Source: cirosantilli/updates/quick-fun-with-the-common-crawl-web-graph

= Quick fun with the Common Crawl web graph

https://stackoverflow.com/questions/31321009/best-more-standard-graph-representation-file-format-graphson-gexf-graphml/79467334#79467334

I wanted to do a quick exploration of <open PageRank implementation and data>.

My general motivation for this is that a <PageRank>-like algorithm could be useful for more accurate user and article ranking on <OurBigBook>, see: <ourbigbook com/PageRank-like ranking>{full}

But it could also be just generally cool to apply it to other <graph> datasets, e.g. for computing an <Wikipedia internal PageRank>.

A quick <Google> reveals only <Open PageRank>, but their methods are apparently closed source.

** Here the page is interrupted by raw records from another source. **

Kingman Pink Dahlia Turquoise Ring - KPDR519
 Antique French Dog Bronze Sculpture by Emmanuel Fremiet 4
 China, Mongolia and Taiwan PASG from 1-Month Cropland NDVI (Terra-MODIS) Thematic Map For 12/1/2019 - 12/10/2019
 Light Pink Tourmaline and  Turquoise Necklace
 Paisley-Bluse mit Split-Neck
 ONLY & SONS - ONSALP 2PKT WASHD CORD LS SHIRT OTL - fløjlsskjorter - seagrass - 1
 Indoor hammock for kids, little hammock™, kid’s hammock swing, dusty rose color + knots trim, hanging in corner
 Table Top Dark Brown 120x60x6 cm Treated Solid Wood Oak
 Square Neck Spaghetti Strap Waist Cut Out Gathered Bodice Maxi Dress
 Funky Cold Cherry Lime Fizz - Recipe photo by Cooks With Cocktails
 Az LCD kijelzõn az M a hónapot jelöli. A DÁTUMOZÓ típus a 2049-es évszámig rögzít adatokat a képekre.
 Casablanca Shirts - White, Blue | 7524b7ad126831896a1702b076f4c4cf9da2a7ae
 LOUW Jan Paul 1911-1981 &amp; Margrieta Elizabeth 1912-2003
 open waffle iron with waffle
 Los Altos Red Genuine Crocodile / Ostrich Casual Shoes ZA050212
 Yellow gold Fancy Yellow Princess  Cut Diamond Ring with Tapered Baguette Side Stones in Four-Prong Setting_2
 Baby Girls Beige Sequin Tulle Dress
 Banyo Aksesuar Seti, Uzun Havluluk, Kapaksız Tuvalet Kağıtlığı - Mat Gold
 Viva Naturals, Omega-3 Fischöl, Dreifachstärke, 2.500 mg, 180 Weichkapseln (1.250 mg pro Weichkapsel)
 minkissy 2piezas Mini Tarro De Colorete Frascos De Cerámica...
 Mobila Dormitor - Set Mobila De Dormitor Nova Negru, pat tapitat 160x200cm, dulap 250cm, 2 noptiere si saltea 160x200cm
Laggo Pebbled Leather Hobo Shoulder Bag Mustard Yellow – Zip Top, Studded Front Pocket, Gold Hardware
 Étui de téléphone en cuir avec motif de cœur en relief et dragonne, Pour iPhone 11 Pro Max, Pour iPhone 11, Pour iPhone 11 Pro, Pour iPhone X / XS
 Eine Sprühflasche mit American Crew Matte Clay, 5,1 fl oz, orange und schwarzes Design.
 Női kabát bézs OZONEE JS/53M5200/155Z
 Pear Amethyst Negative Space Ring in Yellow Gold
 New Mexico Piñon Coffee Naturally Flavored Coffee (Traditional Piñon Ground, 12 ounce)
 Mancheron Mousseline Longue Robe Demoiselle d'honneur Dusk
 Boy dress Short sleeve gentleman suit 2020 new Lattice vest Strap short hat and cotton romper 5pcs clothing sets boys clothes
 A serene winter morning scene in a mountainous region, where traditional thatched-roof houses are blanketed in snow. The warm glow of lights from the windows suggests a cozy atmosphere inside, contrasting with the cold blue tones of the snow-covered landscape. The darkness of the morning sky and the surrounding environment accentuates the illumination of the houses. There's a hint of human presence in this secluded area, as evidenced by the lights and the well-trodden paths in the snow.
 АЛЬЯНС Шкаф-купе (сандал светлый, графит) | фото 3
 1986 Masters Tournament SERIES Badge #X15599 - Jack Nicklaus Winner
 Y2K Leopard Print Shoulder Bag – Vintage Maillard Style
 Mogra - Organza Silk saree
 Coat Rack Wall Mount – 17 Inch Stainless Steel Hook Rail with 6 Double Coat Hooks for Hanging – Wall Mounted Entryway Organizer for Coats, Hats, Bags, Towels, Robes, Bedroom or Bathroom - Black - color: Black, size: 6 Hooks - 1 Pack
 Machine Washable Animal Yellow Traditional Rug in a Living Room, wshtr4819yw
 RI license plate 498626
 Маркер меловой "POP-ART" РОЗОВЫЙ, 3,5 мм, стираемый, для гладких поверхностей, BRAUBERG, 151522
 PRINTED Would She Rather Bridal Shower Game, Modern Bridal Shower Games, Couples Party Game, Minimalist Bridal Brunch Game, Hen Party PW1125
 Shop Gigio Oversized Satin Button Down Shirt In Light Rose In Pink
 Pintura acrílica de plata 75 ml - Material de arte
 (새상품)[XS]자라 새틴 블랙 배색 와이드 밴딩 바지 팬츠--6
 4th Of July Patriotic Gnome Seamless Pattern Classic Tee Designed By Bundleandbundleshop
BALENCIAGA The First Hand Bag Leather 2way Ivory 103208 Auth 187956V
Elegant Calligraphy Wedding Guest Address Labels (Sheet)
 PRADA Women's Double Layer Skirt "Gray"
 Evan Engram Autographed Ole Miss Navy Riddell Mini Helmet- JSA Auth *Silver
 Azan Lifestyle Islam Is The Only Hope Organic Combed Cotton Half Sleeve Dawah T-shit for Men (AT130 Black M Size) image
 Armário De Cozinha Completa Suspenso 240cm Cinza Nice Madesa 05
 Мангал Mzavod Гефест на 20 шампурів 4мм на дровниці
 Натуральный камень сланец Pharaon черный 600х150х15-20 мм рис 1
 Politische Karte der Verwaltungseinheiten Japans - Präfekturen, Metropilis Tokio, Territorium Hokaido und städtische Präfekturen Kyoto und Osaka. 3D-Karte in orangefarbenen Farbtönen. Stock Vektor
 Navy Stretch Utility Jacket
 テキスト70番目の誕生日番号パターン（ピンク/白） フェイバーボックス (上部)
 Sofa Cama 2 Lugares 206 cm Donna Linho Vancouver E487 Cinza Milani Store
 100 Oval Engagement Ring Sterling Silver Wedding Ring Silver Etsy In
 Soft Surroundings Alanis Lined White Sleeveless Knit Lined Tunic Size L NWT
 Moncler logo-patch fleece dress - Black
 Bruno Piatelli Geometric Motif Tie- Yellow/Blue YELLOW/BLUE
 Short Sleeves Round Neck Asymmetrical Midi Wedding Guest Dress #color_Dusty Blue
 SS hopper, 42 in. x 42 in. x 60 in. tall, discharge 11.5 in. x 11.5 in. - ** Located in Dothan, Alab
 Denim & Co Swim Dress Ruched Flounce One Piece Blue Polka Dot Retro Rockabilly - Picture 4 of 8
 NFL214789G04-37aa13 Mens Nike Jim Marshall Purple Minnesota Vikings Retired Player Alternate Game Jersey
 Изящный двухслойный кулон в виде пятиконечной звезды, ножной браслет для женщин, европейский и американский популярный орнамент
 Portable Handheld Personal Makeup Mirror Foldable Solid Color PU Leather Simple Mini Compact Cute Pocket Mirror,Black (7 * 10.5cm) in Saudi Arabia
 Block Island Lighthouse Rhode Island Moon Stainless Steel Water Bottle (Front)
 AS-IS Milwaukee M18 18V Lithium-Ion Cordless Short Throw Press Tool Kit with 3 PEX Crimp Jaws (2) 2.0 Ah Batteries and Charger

Then I had a look at the <Common Crawl web graph> data to see if I could easily calculate it myself, and... they already have it! See: <Common Crawl web graph official PageRank>{full}

Their graph dumps are in <BVGraph> <graph file format>, which is the native format of the <WebGraph (software)> framework, which implements the format and algorithms such as <PageRank>.

The only thing I miss is a command line interface to calculate the PageRank. That would be so awesome.

The more I look at it the more I love <Common Crawl>.